Radio X

When Radiolab began in 2002, host and producer Jad Abumrad experimented by airing a mix of unusual radio productions from all over the world that didn't necessarily fit into an easily defined category. Little did Jad know, he was following in the footsteps of George Wallach, who launched Radio X on WNYC on June 3, 1948.  

Wallach, WNYC's program director, billed the weekly show as "an experimental program series designed for the adult listener...with a flexible format with material drawn from the fields of music, drama, and variety." The Thursday night hour premiered with the fantasy, Apollo in Mourne, dramatizing the mythical banishment of Apollo from Olympus to Ireland.
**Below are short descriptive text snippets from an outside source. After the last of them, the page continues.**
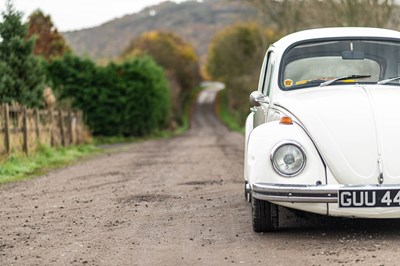 Lot 14 - 1971 VW Beetle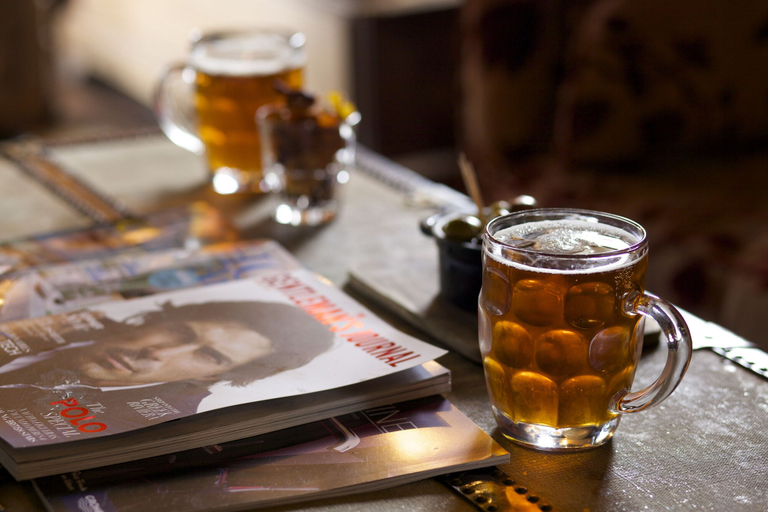 Food & Drinks 5, The Anchor Inn, Hampshire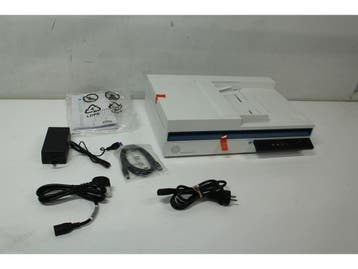 HP ScanJet Pro 2600 F1 - Platte bureaubladscanner 1200 x, Computers en Software, Scanners, Verzenden, Zo goed als nieuw, HP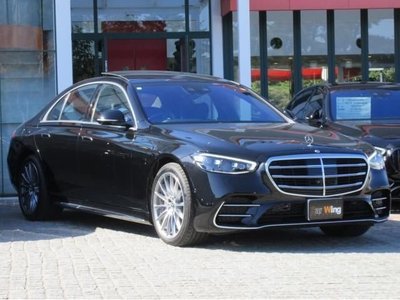 MERCEDES-BENZ S-CLASS - 3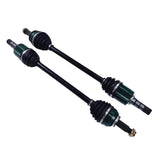 Pair Front CV Joint Drive Shaft Fit For Subaru Impreza GE GH GR GV Outback BP CVS-SU003-2PCS - Machter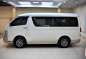 2018 Toyota Hiace  GL Grandia 3.0 M/T 2-Tone in Lemery, Batangas-9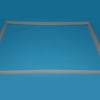 Hisense Fridge & Freezer Magnetic Gasket - Image 2
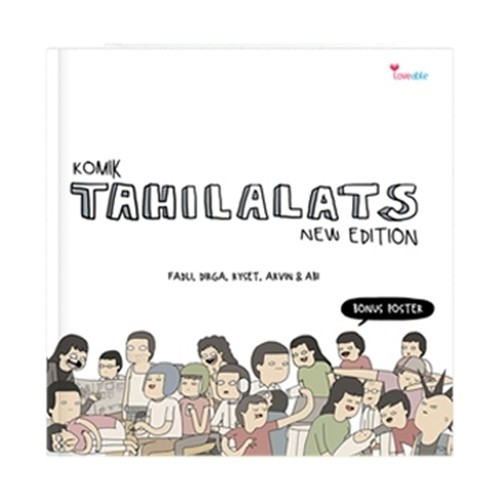 Tahi Lalats New Edition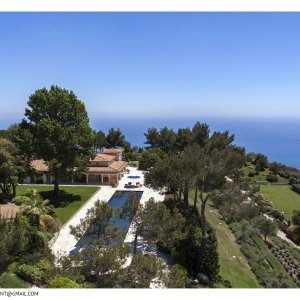 Photo 20 - Magnifique villa avec vue mer & grands espaces extérieurs - 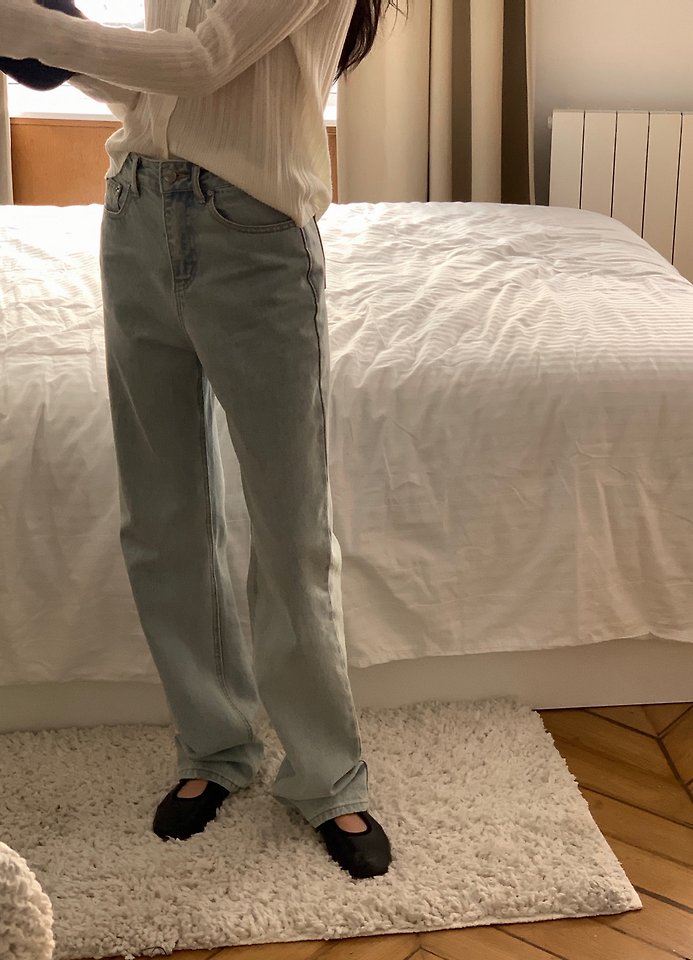 Stella Denim Pants by Dress Room for Women - view 9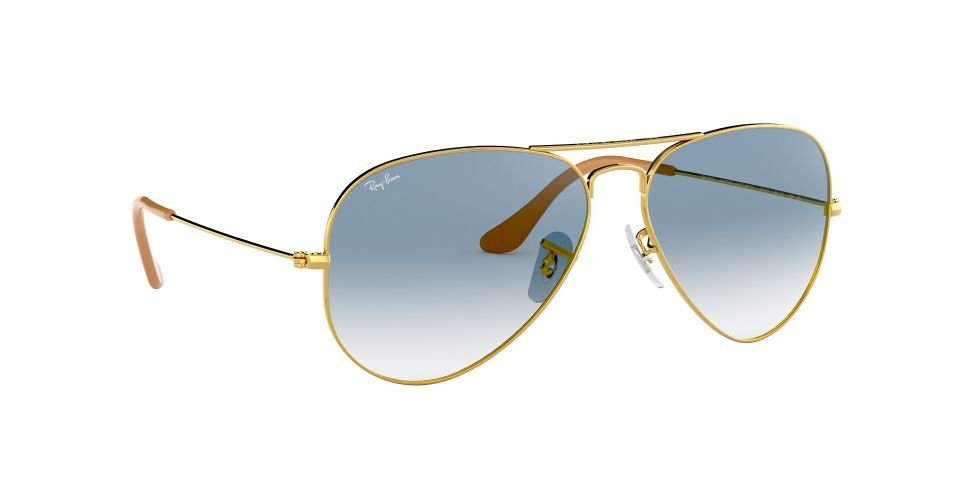 Rayban 0RB3025 001/3F 55 Erkek Güneş Gözlüğü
Variety called it a "flavorsome yarn about an Irish lad who picks up the exile, takes him home and nearly loses his gal to the Greek god." This was followed by a French recording, about French artists and entertainers in Paris at the turn of the century.

I've recently discovered that the documentary Cavalcade of WNYC, made for the launch of WNYC's 25th year and airing a month later, was part of Radio X. At the time Billboard's Sam Chase said of the series, "WNYC has a good idea here and should be able to offer some stimulating diversions on usual radio fare."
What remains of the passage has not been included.